Your objective:
All that should come back is the lines of the data below from the one containing "Lizeth Alvarez's profile image" to the one containing "国产女高清在线看免费观看_中年女人梦见舅舅_朋友的姐姐4线观高清2电影", inclusive, exactly as they stand.

### Materials provided

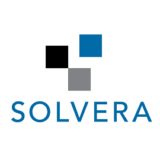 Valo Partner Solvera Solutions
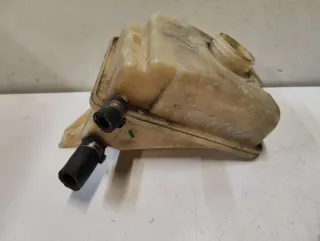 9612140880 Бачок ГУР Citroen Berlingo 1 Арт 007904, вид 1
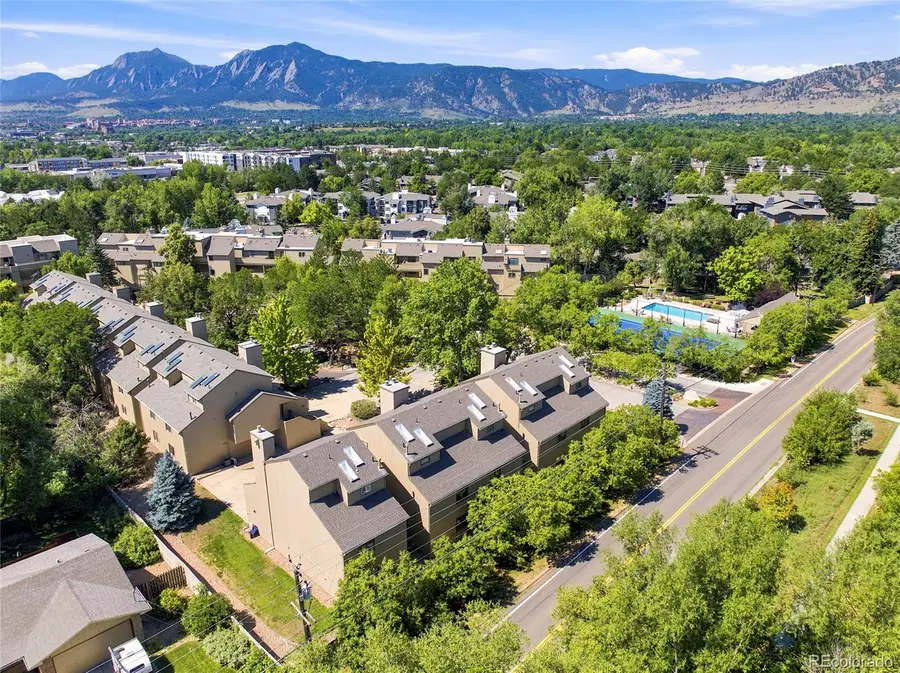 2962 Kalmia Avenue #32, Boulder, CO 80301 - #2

######
### Materials provided

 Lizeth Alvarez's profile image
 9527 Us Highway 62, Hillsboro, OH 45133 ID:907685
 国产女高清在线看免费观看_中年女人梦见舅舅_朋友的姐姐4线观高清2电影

######

Solution for this exercise:
 Lizeth Alvarez's profile image
 9527 Us Highway 62, Hillsboro, OH 45133 ID:907685
 国产女高清在线看免费观看_中年女人梦见舅舅_朋友的姐姐4线观高清2电影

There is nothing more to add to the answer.